A clone of the classic Centuri two-stage Black Widow using Semroc parts. The "unique gliding booster" feature is a great crowd pleaser. Semroc has all the parts including the outside passport stage coupler with pre-drilled holes, decal, and a beautiful set of laser-cut fins that includes the balsa fin fillets for the booster.
Parts list with Semroc part numbers:
I also used a fiber engine hook lock ring that goes outside the #7 booster BT. This is mylar in the original kit.
I followed the instruction found on Jim Z's site. It is a straightforward build. In Step 2, I cut one of the 1" couplers to 1/2" to duplicate the original's 1 1/2" coupler. One major correction: in step 3, do not use the 1 1/4" measurement for the engine hook lock ring. Instead, lay one of the laser-cut booster fins against the BT with the rear edge flush with the rear of the BT and mark where the fin cut out is on the BT. I used the measurement and the fins didn't line up so they were too far forward. I wound up lopping off 1/2" of the booster on my next try, figuring the length of the BT was wrong (don't ask, it's a long story) and this cost me some scorching on my first flight. The 4" length is correct--it's the lock ring measurement that is wrong on the instructions.
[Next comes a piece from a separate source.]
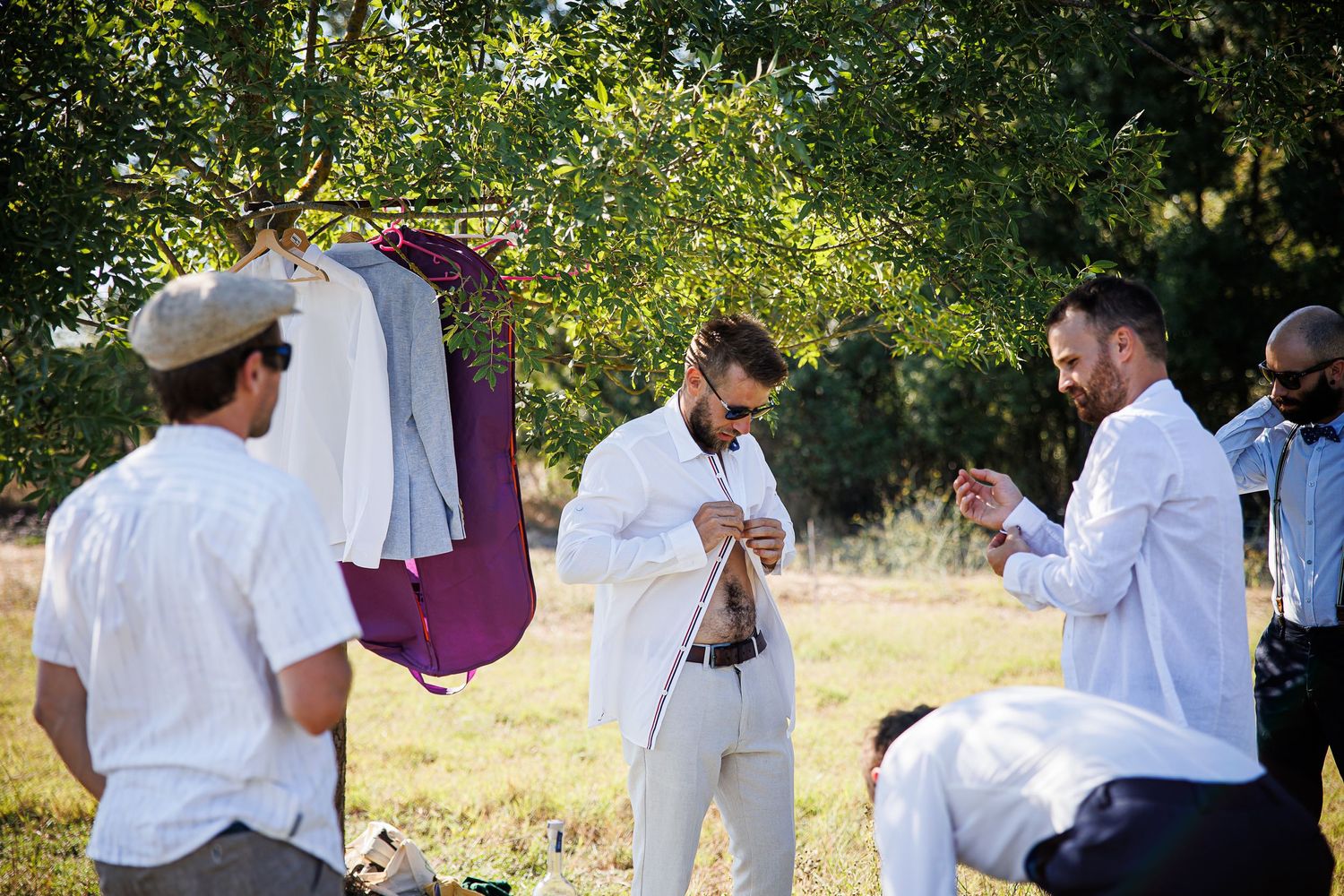 A group getting ready outdoors with formal white attire hanging on a portable rack.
The rest of the assembly went easily. The instructions have handy fin guides. Make sure you use the correct one for each stage. The booster fins are offset slightly to allow the gliding recovery. Sanding the balsa booster fin fillets takes a bit of time, but they really add to the strength of the booster. I also used the more modern method of attaching a line of Kevlar® thread to the upper stage engine block and attaching the shock cord to that. You'll need to stack the 1" and 1/2" couplers inside the booster BT. Semroc has the passport staging outside coupler pre-drilled with two vent holes. Make sure one of the holes is not directly beneath a fin on the upper stage or you will get scorching. It's tricky to line the holes up with two holes and three fins. I would also recommend soaking the inside of all the stage couplers with CA for durability. The top of the booster BT needed a good amount of sanding down to get a not too tight fit inside the stage coupler.
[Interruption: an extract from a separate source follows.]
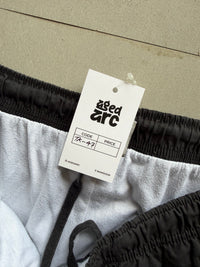 NIKE BAGGY TRACK PANT47 - M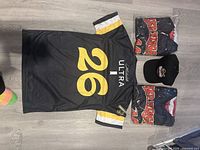 Back view of jersey showing number 26, Michelob Ultra logo, packaged Red Wings T-shirt and cap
I really wanted to duplicate the catalog picture and it was a challenge. After applying a couple coats of Elmer's Fill 'n' Finish to the spirals and fins, I gave it two coats of primer, masking off the top of the booster BT where it goes inside the stage coupler. I gave the nose cone two coats of gloss white and the rest of the rocket two coats of gloss black. Now the fun began. I decided to use white self adhesive Trim Monokote to do the white areas on the BT and fins. First I used paper to plot out the curving patterns through trial and error. Then I transferred those templates to the Trim Monokote and cut them out with a sharp hobby knife. Trim Monokote is peel and stick and permanent once you put it on. I applied water with a few drops of dish detergent to the areas first and this gives you time to adjust before the adhesive grabs. It was tricky around the balsa booster fin fillets and I needed to touch those up with white paint, but the final effect is very striking. I finished with a thin band of chrome Trim Monokote at the top of the second stage BT, and the Semroc decal on one of the fins.
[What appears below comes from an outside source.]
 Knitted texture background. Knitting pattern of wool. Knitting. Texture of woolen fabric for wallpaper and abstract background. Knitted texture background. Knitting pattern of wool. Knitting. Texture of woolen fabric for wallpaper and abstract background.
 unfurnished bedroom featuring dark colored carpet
Construction Rating: 3 out of 5
The engine hook in the booster and passport staging make this easy to prep for flight. For the first flight I didn't have any A8-5s and just used an A8-3 I had in the box. The booster had a B6-0. I wrapped a bit of masking tape around the upper stage motor. Although it flew very nicely, ejection was obviously too early. I was lucky to avoid a zipper. The first flight was with the incorrectly shortened booster, and the inside of the coupler on the upper stage was seriously scorched and cracked. I am pretty sure this was because there wasn't enough of the booster's BT in there protecting the coupler from the booster engine's charge. After this I added a 1/2" piece of BT with an inside coupler to the booster. I also sanded down the coupler and recoated it with CA. I made 3 flights with a B6-0 to A8-5 combination and they were beauties. On the first two flights, the booster fluttered down, however, after adding more clay to the front end of it, it glides reasonably well if a bit steeply.
Again, I would recommend a Kevlar® shock cord attachment. The trickiest part of recovery is getting the booster to glide. Hand tossing wasn't really a good indicator of glide. After a couple of flights, I got the clay weight right. It's a pretty amusing sight watching the booster straighten out and glide down. Also make sure you coat the inside of the stage coupler with CA as the design with the coupler attached to the upper stage instead of the lower is prone to scorching. Also using the correct measurements helps!
Flight Rating: 4 out of 5
This is a classic beauty and a pretty easy build, although it takes a bit of fiddling to get right. It's a striking looking rocket and produces interesting flights with the gliding booster. The only real gotcha is the incorrect engine hook retainer measurement on the instructions. Semroc makes it a breeze with all the parts and laser-cut fins.